I believe that you have two possible approaches to an energy balance.
System A
The walls allow heat flow. The defining equations are
$$
P_i = q_x + q_a + P_o \\
q_x = \epsilon_{HS} (1 - \epsilon_L) P_i \\
q_a = (T_c - T_a) / R_T \\
R_T = R_c + R_w + R_a \\
R_c = 1/h_c A_w\ \ R_w = w_w / A_w k_c\ \ R_a = 1/h_a A_w
$$
The balance here is with power input, heat flow out of the fins, heat flow across the container, and cooling power output. The heat flow from the fins is the heat sink efficiency times the heat produced by the lamps as determined from the lamp efficiency (for light production). The heat flow across the wall is a thermal resistance calculation. In this case, you assume / calculate the overall thermal resistance $R_T$. You define the fin efficiency $\epsilon_{HS}$ and lamp efficiency $\epsilon_L$. You set the air temperature $T_a$ and power input $P_i$. What is left is the cooling power that you need $P_o$. The maximum is when $\epsilon_{HS} = 0$ (all lamp heat is dumped to the container) and $\epsilon_L = 0$ (the lamp produces only heat and no light). This approach allows you to size the cooling unit for the maximum required cooling rate $P_{o,max}$ (W) at the output.
System B
The system is adiabatic. The defining equations are
$$
q_L = q_c \\
q_L = (1 - \epsilon_{HS}) (1 - \epsilon_L) P_i \\
q_c = (T_c - T_x) / R_c \\
R_c = 1/h_c A_c
$$
The balance here is heat flow from the lamps and heat flow to the cooling unit. Assume that all heat produced by the lamps is dumped perfectly to the system. The heat flow to the cooling unit is defined by the thermal resistance. This approach allows you to design the temperature, efficiency (convection coefficient), and area of the cooling unit. This will again give a maximum design when $\epsilon_{HS} = 0$ and $\epsilon_L = 0$.
Questions?
Here are the questions that I find are left to address:
- Which system model is more appropriate, conducting walls or insulated walls (System A or System B)?

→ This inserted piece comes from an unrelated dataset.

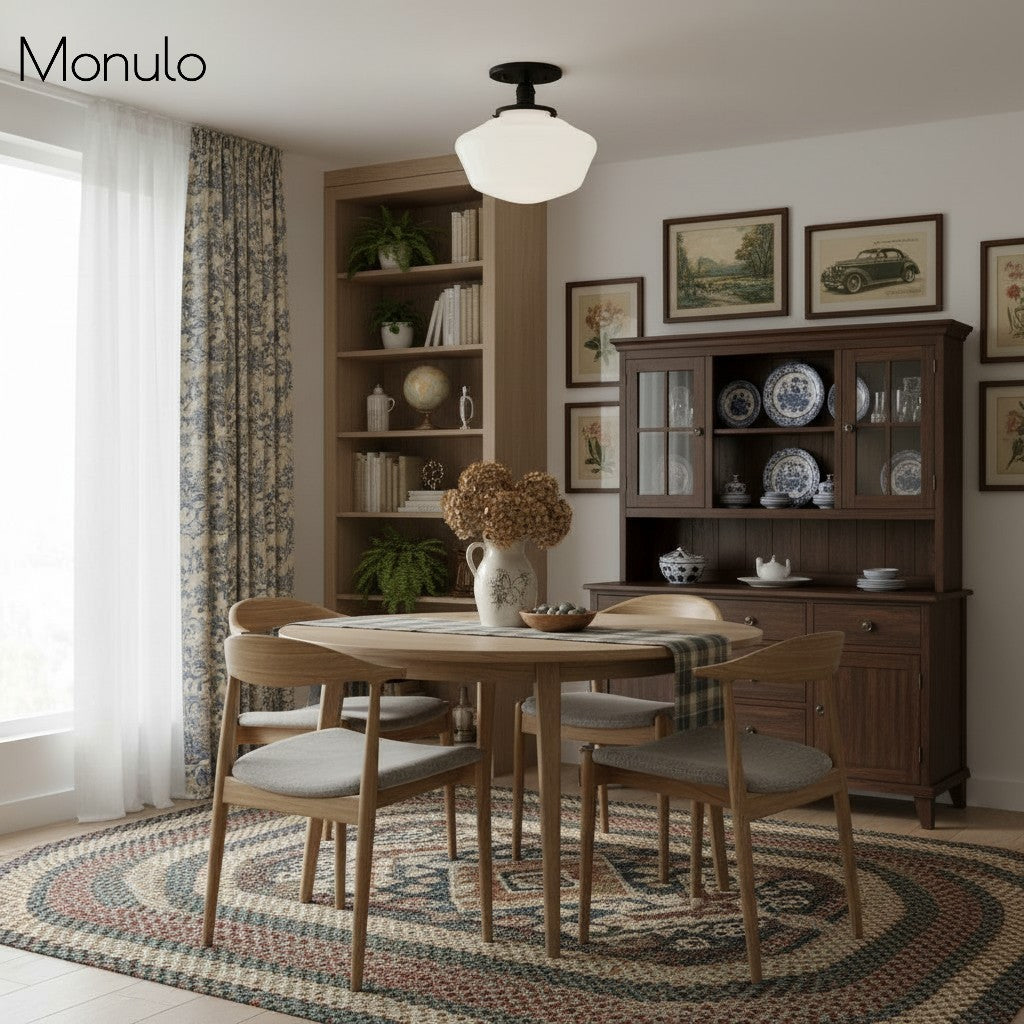 Geotower Rounded Opal Glass Schoolhouse Ceiling Light – Mid-Century Style – Bedroom & Hallway Fixture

- How much heat will the lamps dump to the container (what are $\epsilon_{HS}$ and $\epsilon_L$)?
- How effective is the cooling unit (what are its nominal values of $h_c$ and $A_c$)?
Notes
- System A assumes the chamber is hotter than the surrounding air. System B does not care.

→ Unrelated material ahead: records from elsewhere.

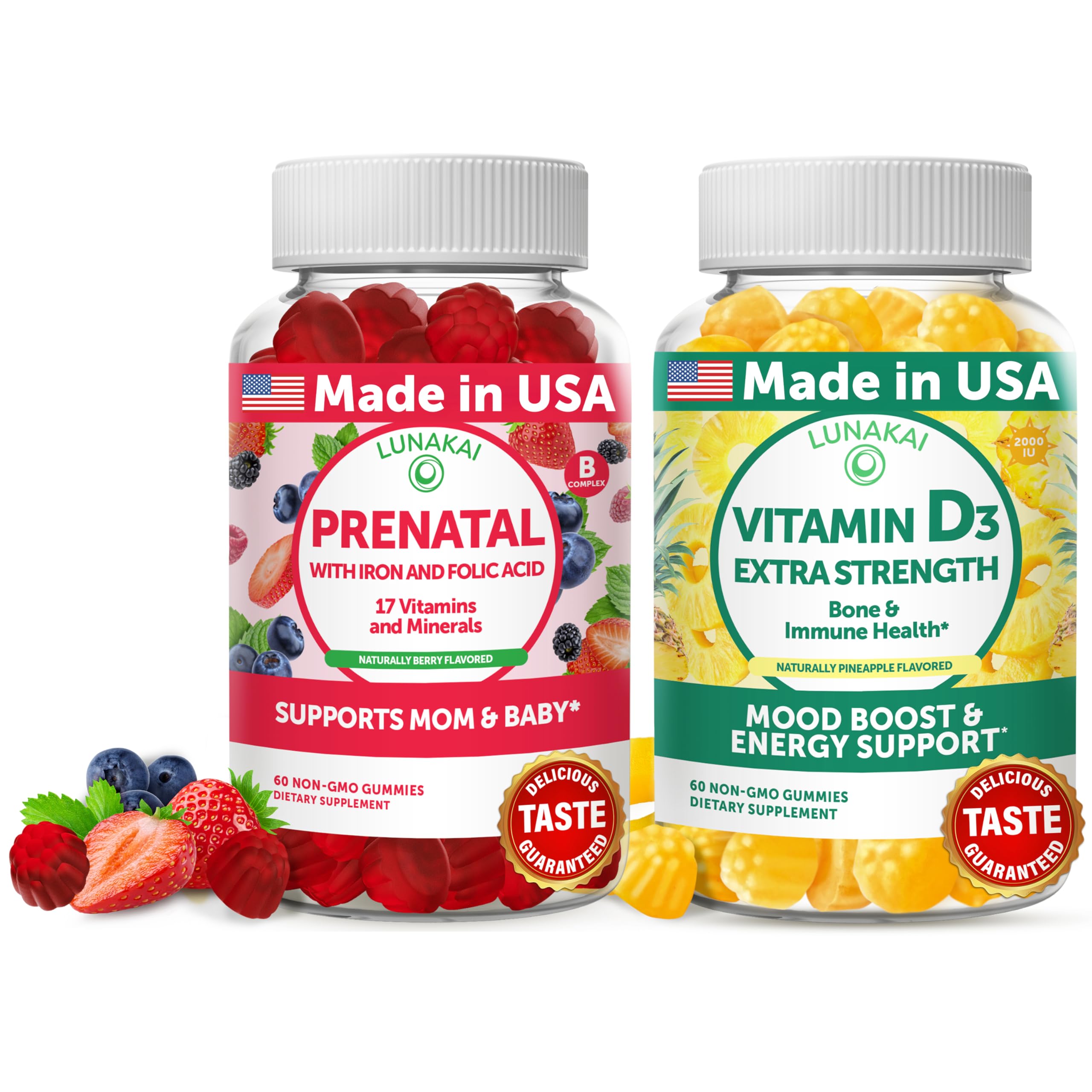 Lunakai Prenatal Gummies bottle shot highlights easy daily supplementation for busy pregnancies.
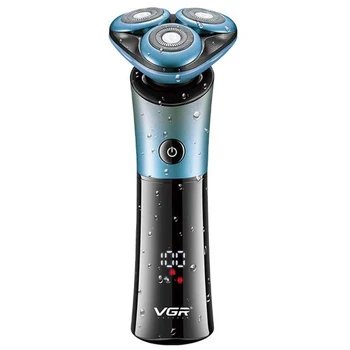 VGR 3D, вращающаяся электробритва для мужчин, Моющаяся борода, Электрическая бритва, перезаряжаемый станок для бритья лица, Влажный и сухой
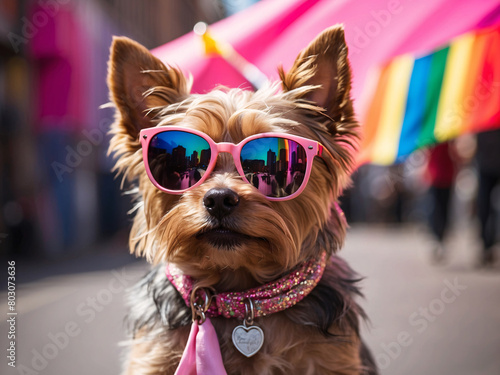 Pride Month, pride parade and a yorkshire terrier york dog wearing a fancy pink sunglasses, the LGBTQ flag with rainbow colors is visible in the background with a big city view photo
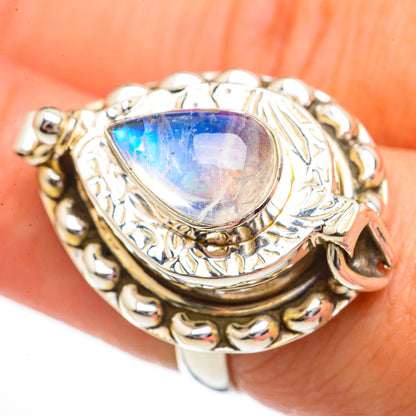 Rainbow Moonstone Rings handcrafted by Ana Silver Co - RING70842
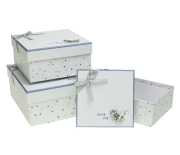 Opakowanie Pudełko kwadrat z kokardą 3szt ROZETTE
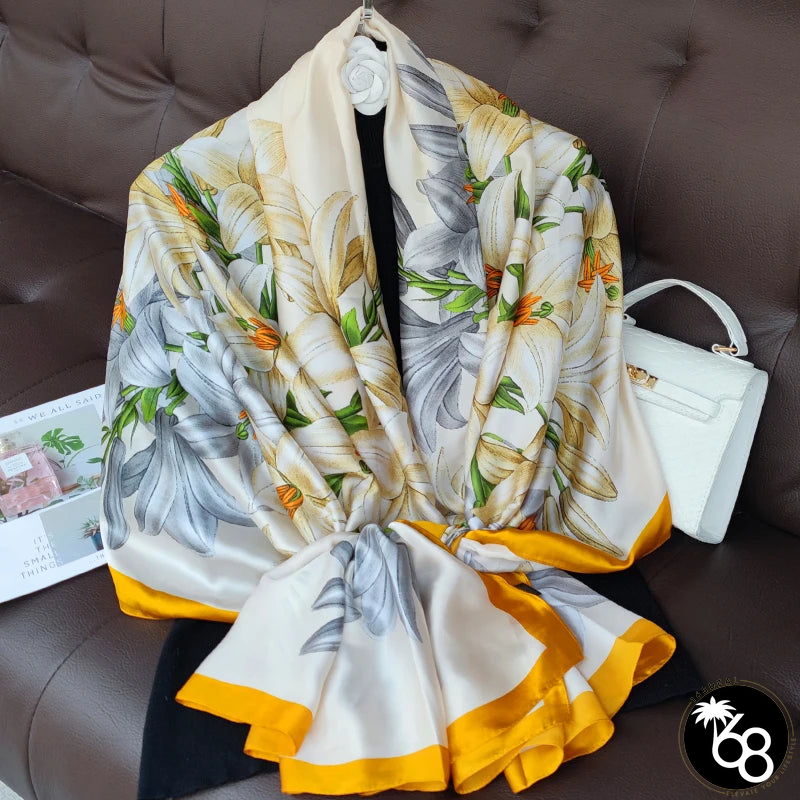 Women's Silk Neck Wrap Floral Pattern Trendy Beach Scarves | 168DEAL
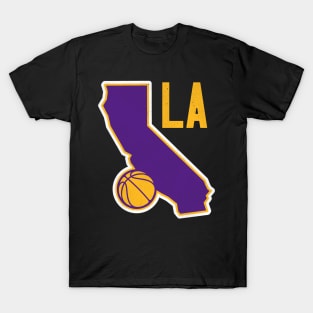 Los Angeles Basketball State Outline T-Shirt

- Neglect radiation, especially in System A. Unless something in the system is above a few hundred oF, radiation is of third order consequence.
- This assumes that all heat produced by the lamps is dumped perfectly to the system. When the lamps are hot above the system, convection is nearly non-existent. The chamber will have a hot zone at the top and a cool zone at the bottom. You must adjust the placement of hot and cold elements accordingly.
- This analysis only gives a picture of how to find the maximum design parameters. The next step may be to decide how much control you want / need on the cooling unit.
Edit (After the Fact)
The original question was ...
I really would like to know what fraction of heat will be diverted into the growth chamber vs what fraction of heat will exit through the heat sink,
The variable you want to determine is $\epsilon_{HS}$. Based on the system picture, I can suggest a simple experiment. Set up the chamber with everything as desired but exclude the cooling system. Put a thermocouple in the chamber. Run the lamps until the internal temperature stabilizes. Use the equations to back-calculate a value or estimate for $\epsilon_{HS}$.